Decoupled GNN architecture


Authors
Ningyi Liao
Publication
PhD Confirmation for Admission Report
Type
Thesis

TL;DR

Qualifying Examinations report.

Abstract

Recent years have witnessed the burgeoning of services based on data represented by graphs, which leads to rapid increase in the amount and complexity of such graph data. Graph Neural Networks (GNNs) are specialized neural models designed to represent and process graph data, and is becoming increasingly popular thanks to their impressive performance on a wide range of graph learning tasks. Most of these models, however, are known to be difficult to scale up. Our examination suggests that the GNN scalability bottleneck is usually the iterative message-passing propagation procedure, which is tightly coupled with the graph structure. Hence, improving the performance of the expensive graph propagation by graph related techniques becomes the key in scaling up GNNs.

In this report, we explore the scalability issue on different graph variants and GNN designs, and propose our approaches to scale up GNN to million- or even billion-scale graphs by simplifying the graph propagation operation.
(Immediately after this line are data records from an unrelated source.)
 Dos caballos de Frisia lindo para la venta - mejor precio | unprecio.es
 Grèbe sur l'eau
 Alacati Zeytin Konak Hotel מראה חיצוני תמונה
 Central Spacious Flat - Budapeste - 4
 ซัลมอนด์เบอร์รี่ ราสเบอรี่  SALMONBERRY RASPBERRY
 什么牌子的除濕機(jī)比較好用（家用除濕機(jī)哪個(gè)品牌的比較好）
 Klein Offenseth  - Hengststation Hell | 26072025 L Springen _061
We first propose SCARA, a scalable GNN with feature-oriented optimization for graph computation, to address the propagation bottleneck by decoupling it as precomputation. SCARA efficiently computes graph embedding from the dimension of node features, and further selects and reuses feature computation results to reduce overhead. Theoretical analysis indicates that our model achieves sub-linear time complexity with a guaranteed precision in propagation process as well as GNN training and inference. We conduct extensive experiments on various datasets to evaluate the efficacy and efficiency of our model. Performance comparison with baselines shows that SCARA can reach up to 800× graph propagation acceleration than current state-of-the-art methods with fast convergence and comparable accuracy.
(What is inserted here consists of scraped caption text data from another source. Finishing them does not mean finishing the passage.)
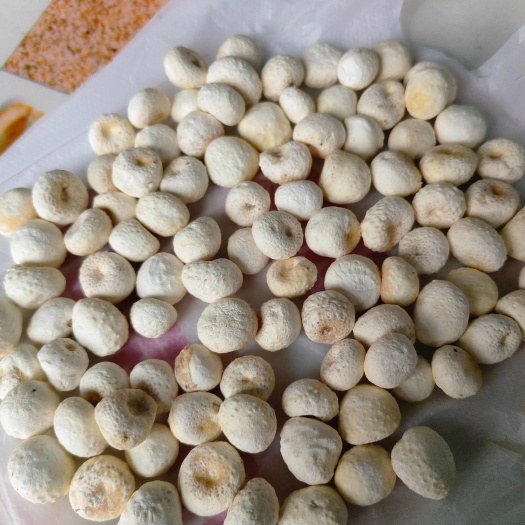 威宁县半夏种子现货 有硫无硫的都有如图所示所见即所得，纯太阳晒干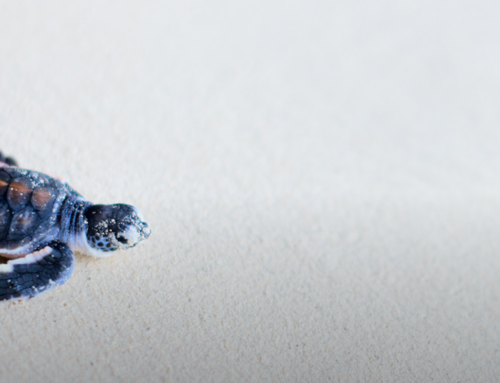 Make Way for Turtles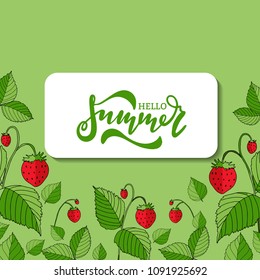 Hello summer vector banner design.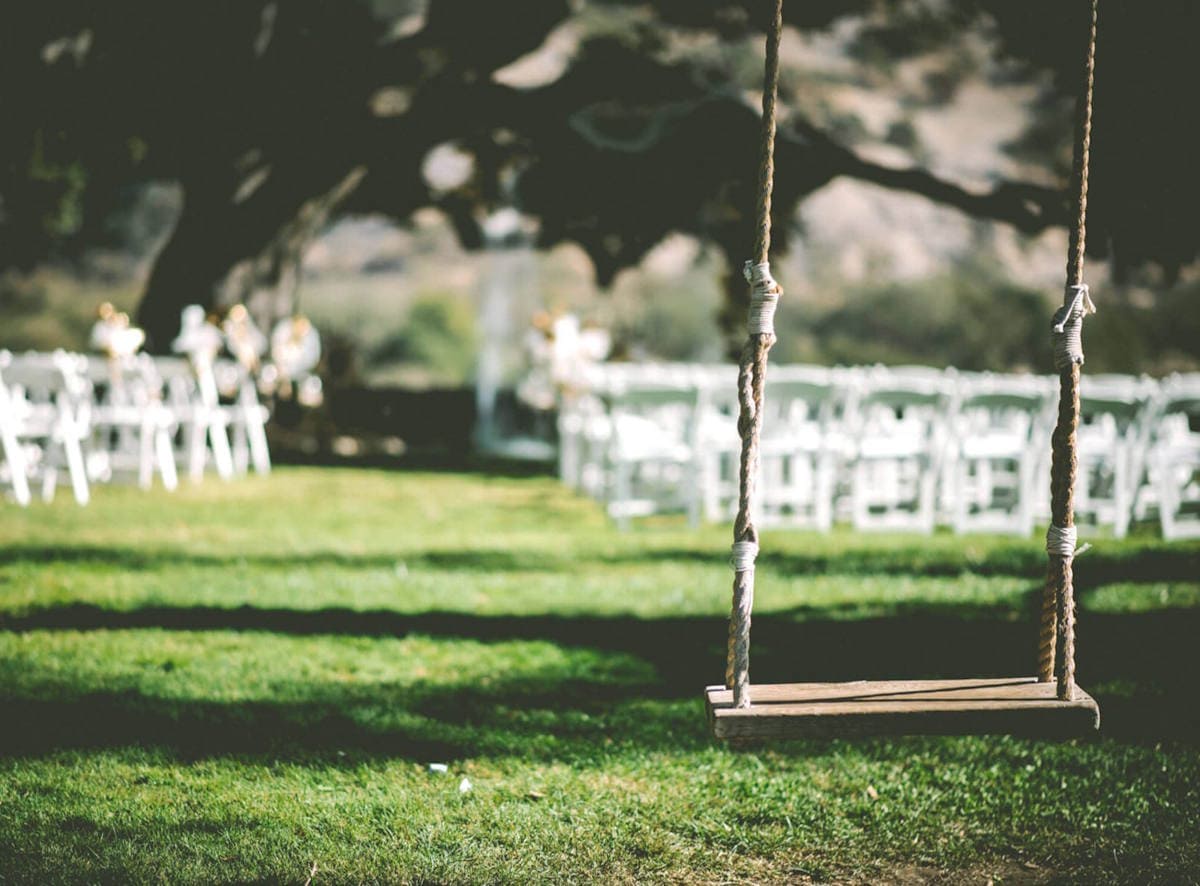 Качели на дереве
Next, we specifically study the scalability issue of heterophilous GNN, a family of GNNs that specializes in learning graphs where connected nodes tend to have different labels. We propose a scalable model, LD2, which simplifies the learning procedure by decoupling graph propagation and generating expressive embeddings prior to training. We perform theoretical analysis to demonstrate that LD2 realizes optimal time complexity in training, as well as a memory footprint that remains independent of the graph scale. The capability of our model is evaluated by extensive experiments. Being lightweight in minibatch training on large-scale heterophilous graphs, it achieves up to 15× speed improvement and efficient memory utilization, while maintaining comparable or better performance than the baselines.


Citation
Ningyi Liao. "Scaling up Graph Neural Networks." PhD Confirmation for Admission Report. 2023.